A massive reach of it being literally the same word? Like obviously they didn't mean it in a racist way but clearly they decided that having a racial slur in the docs there was not something they felt good about.

[–] JohnEdwa@sopuli.xyz 3 points 11 hours ago* (last edited 11 hours ago) (4 children)

So does apple, coconut, cracker, gin, barbarian, brownie, skinny, spade, spook, teabag and a whole host of different words.
It should never be about the word itself, but how it's being used. Someone being called a genius doesn't usually mean they are being applauded for their intellect either, for example.

[–] apotheotic@beehaw.org 3 points 8 hours ago

I have realised, upon reflection, what I take issue with with your argument.

It places the onus on the intention, as opposed to the result.

If the result of me doing something particularly mundane, that I could do another way with zero extra effort, is that some people are offended or othered or hurt, then it seems blatantly obvious to me that the action to take is to change what I'm doing. Theres nuance in the wider discussion but you can't judge intentions, since nobody can know what someone else's intentions are. You can judge actions and outcomes.

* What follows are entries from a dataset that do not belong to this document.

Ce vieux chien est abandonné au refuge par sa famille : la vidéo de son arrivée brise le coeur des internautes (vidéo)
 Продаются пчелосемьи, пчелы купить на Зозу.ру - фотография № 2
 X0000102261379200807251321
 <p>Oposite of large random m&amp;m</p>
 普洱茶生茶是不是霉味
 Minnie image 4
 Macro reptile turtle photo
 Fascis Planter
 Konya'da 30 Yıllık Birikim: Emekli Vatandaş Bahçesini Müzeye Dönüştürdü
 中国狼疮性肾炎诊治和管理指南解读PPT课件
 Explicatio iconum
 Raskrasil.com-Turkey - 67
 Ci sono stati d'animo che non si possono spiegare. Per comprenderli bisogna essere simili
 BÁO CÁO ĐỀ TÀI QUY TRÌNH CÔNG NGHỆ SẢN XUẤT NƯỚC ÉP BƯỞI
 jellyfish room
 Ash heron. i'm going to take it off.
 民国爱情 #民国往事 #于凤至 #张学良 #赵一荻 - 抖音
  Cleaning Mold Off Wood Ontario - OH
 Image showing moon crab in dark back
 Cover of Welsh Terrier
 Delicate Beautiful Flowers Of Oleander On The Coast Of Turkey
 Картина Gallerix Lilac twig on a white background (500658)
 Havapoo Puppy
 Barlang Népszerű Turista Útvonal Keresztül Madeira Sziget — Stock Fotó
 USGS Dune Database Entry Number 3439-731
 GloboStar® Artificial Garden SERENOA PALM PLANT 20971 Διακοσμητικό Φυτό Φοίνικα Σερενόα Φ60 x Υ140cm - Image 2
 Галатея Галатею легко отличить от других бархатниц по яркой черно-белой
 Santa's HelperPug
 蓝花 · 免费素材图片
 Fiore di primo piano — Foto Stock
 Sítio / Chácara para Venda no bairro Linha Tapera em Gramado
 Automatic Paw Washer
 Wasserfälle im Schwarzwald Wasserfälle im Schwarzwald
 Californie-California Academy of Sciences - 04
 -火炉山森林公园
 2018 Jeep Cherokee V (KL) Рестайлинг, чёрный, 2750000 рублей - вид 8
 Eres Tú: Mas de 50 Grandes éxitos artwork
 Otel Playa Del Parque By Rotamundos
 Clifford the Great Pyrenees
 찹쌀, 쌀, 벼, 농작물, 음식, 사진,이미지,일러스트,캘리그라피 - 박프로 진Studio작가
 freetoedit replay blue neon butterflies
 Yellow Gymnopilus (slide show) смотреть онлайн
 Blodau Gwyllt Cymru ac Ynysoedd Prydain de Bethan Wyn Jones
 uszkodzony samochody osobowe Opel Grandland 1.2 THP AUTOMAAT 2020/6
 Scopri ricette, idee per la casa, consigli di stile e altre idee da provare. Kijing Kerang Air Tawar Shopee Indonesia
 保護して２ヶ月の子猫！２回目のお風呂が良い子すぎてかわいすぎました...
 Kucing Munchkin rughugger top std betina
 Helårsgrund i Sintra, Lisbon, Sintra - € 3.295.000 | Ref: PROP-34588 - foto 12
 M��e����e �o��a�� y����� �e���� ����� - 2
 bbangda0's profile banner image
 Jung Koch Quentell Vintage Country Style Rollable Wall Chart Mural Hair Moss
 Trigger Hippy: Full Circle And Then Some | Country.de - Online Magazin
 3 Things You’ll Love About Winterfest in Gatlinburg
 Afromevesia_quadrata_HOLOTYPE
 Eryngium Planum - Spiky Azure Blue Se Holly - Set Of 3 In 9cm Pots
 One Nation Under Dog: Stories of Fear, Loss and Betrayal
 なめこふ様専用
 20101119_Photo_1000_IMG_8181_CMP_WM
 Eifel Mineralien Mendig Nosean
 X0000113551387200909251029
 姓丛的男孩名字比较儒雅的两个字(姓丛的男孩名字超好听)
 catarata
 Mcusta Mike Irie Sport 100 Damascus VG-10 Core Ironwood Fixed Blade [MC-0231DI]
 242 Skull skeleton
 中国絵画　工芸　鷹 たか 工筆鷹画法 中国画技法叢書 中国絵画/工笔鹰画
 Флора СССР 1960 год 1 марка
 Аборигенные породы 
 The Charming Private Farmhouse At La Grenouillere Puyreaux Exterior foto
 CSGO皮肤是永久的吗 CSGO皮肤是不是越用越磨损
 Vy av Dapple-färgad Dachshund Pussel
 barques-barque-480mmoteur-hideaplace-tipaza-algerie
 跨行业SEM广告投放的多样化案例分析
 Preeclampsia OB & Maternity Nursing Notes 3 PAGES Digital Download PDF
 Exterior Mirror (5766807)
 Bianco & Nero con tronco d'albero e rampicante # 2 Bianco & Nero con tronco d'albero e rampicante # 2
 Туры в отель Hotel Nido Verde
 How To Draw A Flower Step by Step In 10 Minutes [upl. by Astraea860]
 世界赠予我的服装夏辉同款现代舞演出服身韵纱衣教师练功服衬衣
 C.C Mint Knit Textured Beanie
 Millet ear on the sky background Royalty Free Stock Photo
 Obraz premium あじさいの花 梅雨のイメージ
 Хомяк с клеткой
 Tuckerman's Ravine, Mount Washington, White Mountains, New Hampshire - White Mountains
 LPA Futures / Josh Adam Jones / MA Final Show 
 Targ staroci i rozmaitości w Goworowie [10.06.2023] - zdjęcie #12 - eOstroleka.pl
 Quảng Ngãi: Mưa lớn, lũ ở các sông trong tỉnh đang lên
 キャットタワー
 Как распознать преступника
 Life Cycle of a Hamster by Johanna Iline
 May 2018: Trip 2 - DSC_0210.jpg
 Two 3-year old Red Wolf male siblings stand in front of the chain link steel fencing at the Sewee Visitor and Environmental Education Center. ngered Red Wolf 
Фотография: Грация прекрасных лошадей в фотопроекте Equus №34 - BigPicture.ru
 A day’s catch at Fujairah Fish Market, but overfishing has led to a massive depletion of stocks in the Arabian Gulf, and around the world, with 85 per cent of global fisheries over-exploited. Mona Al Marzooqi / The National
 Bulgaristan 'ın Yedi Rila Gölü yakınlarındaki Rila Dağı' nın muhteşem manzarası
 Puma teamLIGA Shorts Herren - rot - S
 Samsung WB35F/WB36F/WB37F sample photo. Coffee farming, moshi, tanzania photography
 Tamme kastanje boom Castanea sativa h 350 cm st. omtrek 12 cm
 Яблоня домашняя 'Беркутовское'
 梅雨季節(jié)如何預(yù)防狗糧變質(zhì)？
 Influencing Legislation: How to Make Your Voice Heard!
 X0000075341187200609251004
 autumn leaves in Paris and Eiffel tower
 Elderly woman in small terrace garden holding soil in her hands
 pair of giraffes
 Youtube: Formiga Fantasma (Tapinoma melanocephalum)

The action in this case is mundane, and I don't place any blame or hate toward the people who took the action (made the Tycoon joke). The outcome is potentially negative, and I would argue demonstrably negative since people felt compelled to comment about it. It still doesn't mean that the folks who wrote the joke are massive racists or fascists or whatever, but the outcome related to their action is negative. Hence they chose to change the action to change the outcome.

Seems pretty cut and dry that this was a wholly positive thing, no?